This is quite simple, but I do not get why I can't merge two dataframes. I have the following dfs with different shapes (one is larger and wider than the other):
df1
A id
0 microsoft inc 1
1 apple computer. 2
2 Google Inc. 3
3 IBM 4
4 amazon, Inc. 5
df2
B C D E id
0 (01780-500-01) 237489 - 342 API True. 1
0 (409-6043-01) 234324 API Other 2
0 23423423 API NaN NaN 3
0 (001722-5e240-60) NaN NaN Other 4
1 (0012172-52411-60) 32423423. NaN Other 4
0 29849032-29482390 API Yes False 5
1 329482030-23490-1 API Yes False 5
I would like to merge df1 and df2 by the index column:
df3
A B C D E id
0 microsoft inc (01780-500-01) 237489 - 342 API True. 1
1 apple computer. (409-6043-01) 234324 API Other 2
2 Google Inc. 23423423 API NaN NaN 3
3 IBM (001722-5e240-60) NaN NaN Other 4
4 IBM (0012172-52411-60) 32423423. NaN Other 4
5 amazon, Inc. 29849032-29482390 API Yes False 5
6 amazon, Inc. 329482030-23490-1 API Yes False 5
I know that this could be done by using merge().

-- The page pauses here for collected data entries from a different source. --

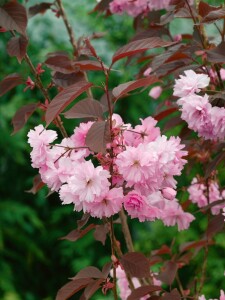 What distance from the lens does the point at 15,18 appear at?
4.75 feet

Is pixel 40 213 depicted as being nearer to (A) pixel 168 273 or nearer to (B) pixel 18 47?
(A) pixel 168 273

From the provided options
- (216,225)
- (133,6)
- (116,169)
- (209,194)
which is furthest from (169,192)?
(133,6)

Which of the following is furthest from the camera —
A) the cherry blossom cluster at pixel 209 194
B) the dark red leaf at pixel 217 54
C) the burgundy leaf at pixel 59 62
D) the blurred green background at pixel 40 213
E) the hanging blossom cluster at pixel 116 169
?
the blurred green background at pixel 40 213

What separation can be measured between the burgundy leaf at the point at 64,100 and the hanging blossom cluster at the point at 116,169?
0.28 feet

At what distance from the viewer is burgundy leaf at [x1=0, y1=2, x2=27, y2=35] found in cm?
144

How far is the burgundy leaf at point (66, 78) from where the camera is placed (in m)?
1.52

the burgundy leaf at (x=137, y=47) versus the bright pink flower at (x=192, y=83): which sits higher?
the burgundy leaf at (x=137, y=47)

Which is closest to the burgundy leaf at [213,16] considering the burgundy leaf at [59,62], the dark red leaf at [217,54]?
the dark red leaf at [217,54]

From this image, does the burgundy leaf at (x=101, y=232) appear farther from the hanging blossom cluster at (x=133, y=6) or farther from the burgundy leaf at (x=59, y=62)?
the hanging blossom cluster at (x=133, y=6)

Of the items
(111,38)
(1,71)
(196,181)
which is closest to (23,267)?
(1,71)

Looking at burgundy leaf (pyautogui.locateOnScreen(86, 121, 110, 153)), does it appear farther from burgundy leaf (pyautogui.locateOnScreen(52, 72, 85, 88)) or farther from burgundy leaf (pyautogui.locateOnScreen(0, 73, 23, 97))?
burgundy leaf (pyautogui.locateOnScreen(0, 73, 23, 97))

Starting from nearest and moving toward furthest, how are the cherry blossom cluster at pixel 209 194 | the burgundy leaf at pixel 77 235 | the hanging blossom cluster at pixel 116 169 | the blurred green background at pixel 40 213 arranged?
1. the hanging blossom cluster at pixel 116 169
2. the burgundy leaf at pixel 77 235
3. the cherry blossom cluster at pixel 209 194
4. the blurred green background at pixel 40 213

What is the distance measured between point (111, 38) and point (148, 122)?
391 centimetres

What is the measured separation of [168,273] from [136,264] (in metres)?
0.38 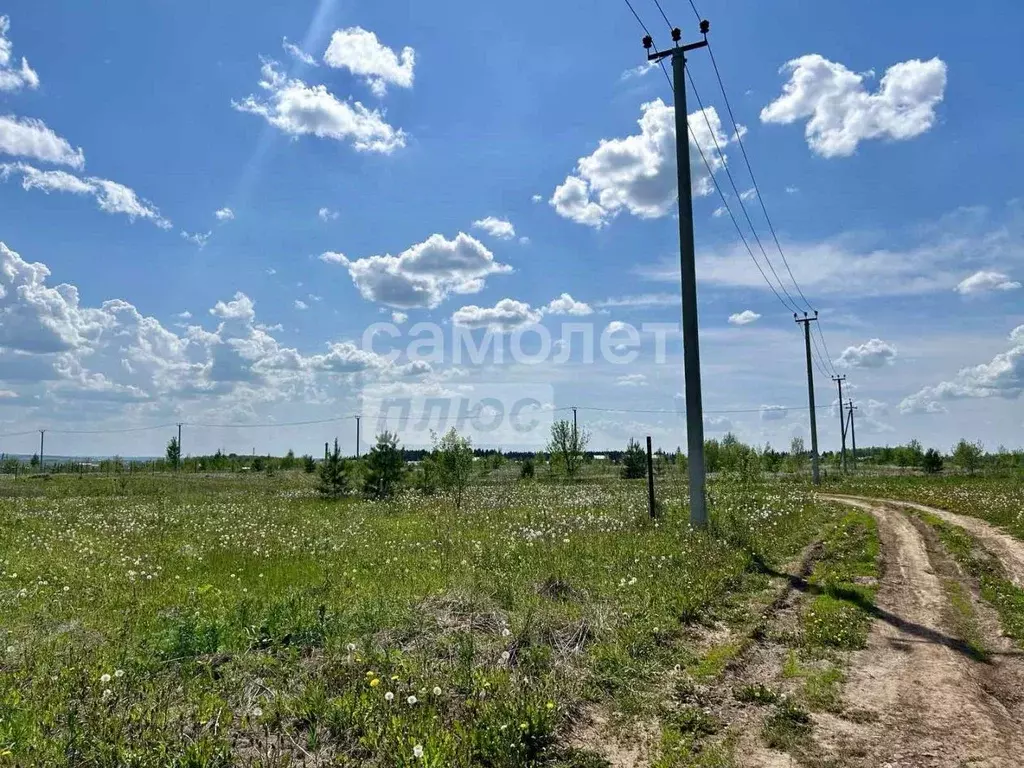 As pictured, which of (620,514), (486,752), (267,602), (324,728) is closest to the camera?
(486,752)

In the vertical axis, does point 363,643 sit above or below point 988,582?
above

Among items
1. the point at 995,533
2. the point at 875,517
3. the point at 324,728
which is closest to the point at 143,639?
the point at 324,728

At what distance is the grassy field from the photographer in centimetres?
443

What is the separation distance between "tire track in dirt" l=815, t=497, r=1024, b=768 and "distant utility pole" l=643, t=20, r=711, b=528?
6218 mm

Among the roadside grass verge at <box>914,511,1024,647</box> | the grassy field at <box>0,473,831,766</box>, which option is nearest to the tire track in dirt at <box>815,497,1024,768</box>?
the roadside grass verge at <box>914,511,1024,647</box>

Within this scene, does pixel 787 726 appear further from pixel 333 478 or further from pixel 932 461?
pixel 932 461

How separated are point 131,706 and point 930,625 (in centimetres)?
844

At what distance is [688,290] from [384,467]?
24584 mm

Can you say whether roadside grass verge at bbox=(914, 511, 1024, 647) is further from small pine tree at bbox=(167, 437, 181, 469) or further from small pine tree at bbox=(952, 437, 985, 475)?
small pine tree at bbox=(167, 437, 181, 469)

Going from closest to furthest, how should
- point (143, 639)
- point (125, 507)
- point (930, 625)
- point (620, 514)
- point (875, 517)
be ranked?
1. point (143, 639)
2. point (930, 625)
3. point (620, 514)
4. point (875, 517)
5. point (125, 507)

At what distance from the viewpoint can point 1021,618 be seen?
7.53 meters

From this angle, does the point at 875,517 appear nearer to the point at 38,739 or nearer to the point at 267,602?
the point at 267,602

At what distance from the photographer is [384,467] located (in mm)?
35531

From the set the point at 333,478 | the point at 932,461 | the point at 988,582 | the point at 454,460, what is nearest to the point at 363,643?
the point at 988,582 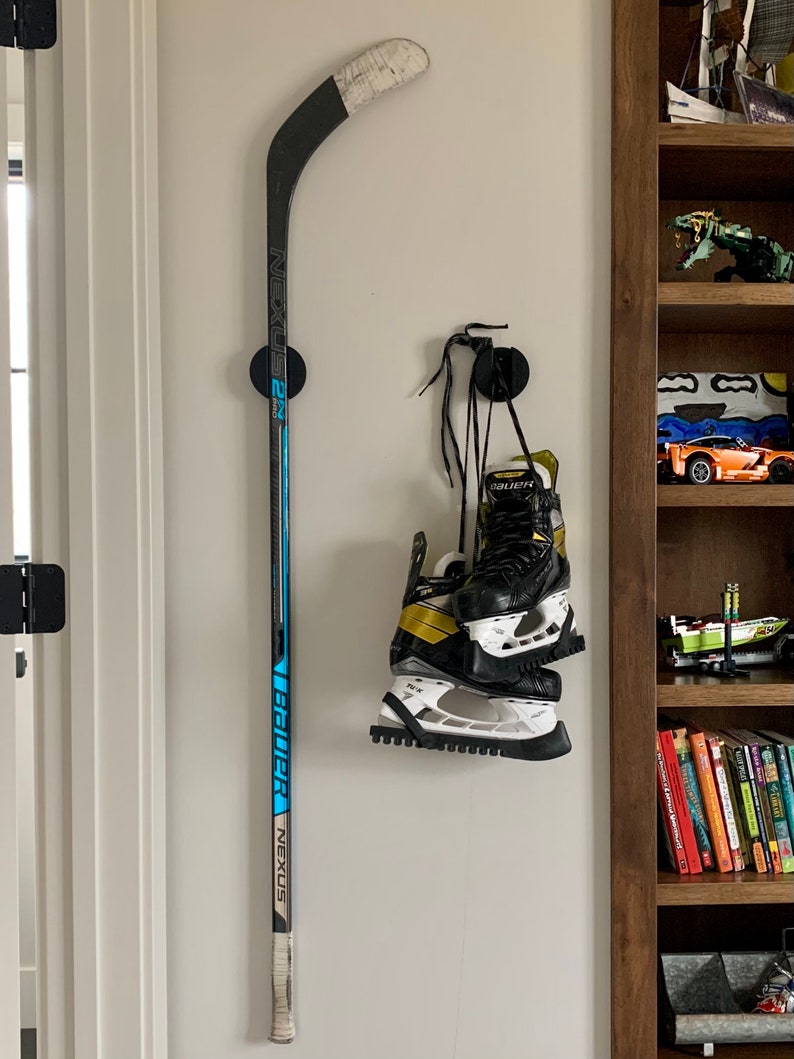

Also, I read this excellent tutorial and tried to:
In:
pd.merge(df1, df2, on=df1.id, how='outer')
Out:
IndexError: indices are out-of-bounds
Then I tried:
pd.merge(df2, df1, on='id', how='outer')
And apparently its repeating several times the merged rows, something like this:
A B C D E index
0 microsoft inc (01780-500-01) 237489 - 342 API True. 1
1 apple computer. (409-6043-01) 234324 API Other 2
2 apple computer. (409-6043-01) 234324 API Other 2
3 apple computer. (409-6043-01) 234324 API Other 2
4 apple computer. (409-6043-01) 234324 API Other 2
5 apple computer. (409-6043-01) 234324 API Other 2
6 apple computer. (409-6043-01) 234324 API Other 2
7 apple computer. (409-6043-01) 234324 API Other 2
8 apple computer. (409-6043-01) 234324 API Other 2
...
I think that this is related with the fact that I created a temporal index df2['position'] = df2.index since the indices look weird, and then removed it. So, my question is how to get df3?
UPDATE
I fixed the index of df2 like this:
df2.reset_index(drop=True, inplace=True)
And now looks like this:
B C D E id
0 (01780-500-01) 237489 - 342 API True. 1
1 (409-6043-01) 234324 API Other 2
2 23423423 API NaN NaN 3
3 (001722-5e240-60) NaN NaN Other 4
4 (0012172-52411-60) 32423423. NaN Other 4
5 29849032-29482390 API Yes False 5
6 329482030-23490-1 API Yes False 5
I am still having the same issue. The merged rows are repeating several times.
>>>print(df2.dtypes)
B object
C object
D object
E object
id int64
dtype: object
>>>print(df1.dtypes)
A object
id int64
dtype: object
Update2
>>>print(df2['id'])
0 1
1 2
2 3
3 4
4 4
5 5
6 5
7 6
8 6
9 7
10 8
11 8
12 8
13 8
14 9
15 10
16 11
17 11
18 12
19 12
20 13
21 13
22 14
23 15
24 16
25 16
26 17
27 17
28 18
29 18
...
476 132
477 132
478 132
479 132
480 132
481 132
482 132
483 132
484 133
485 133
486 133
487 133
488 134
489 134
490 134
491 134
492 135
493 135
494 136
495 136
496 137
497 137
498 137
499 137
500 137
501 137
502 137
503 138
504 138
505 138
Name: id, dtype: int64
And
>>>print(df1)
0 1
1 2
2 3
3 4
4 5
5 6
6 7
7 8
8 9
9 10
10 11
11 8
12 12
13 6
14 7
15 8
16 6
17 11
18 13
19 14
20 15
21 11
22 2
23 16
24 17
25 18
26 9
27 19
28 11
29 20
..
108 57
109 43
110 22
111 2
112 58
113 49
114 22
115 59
116 2
117 6
118 22
119 2
120 37
121 2
122 9
123 60
124 61
125 62
126 63
127 42
128 64
129 4
130 29
131 11
132 2
133 25
134 4
135 65
136 66
137 4
Name: id, dtype: int64
You could try setting the index as id and then using join:
df1 = pd.DataFrame([('microsoft inc',1),
('apple computer.',2),
('Google Inc.',3),
('IBM',4),
('amazon, Inc.',5)],columns = ('A','id'))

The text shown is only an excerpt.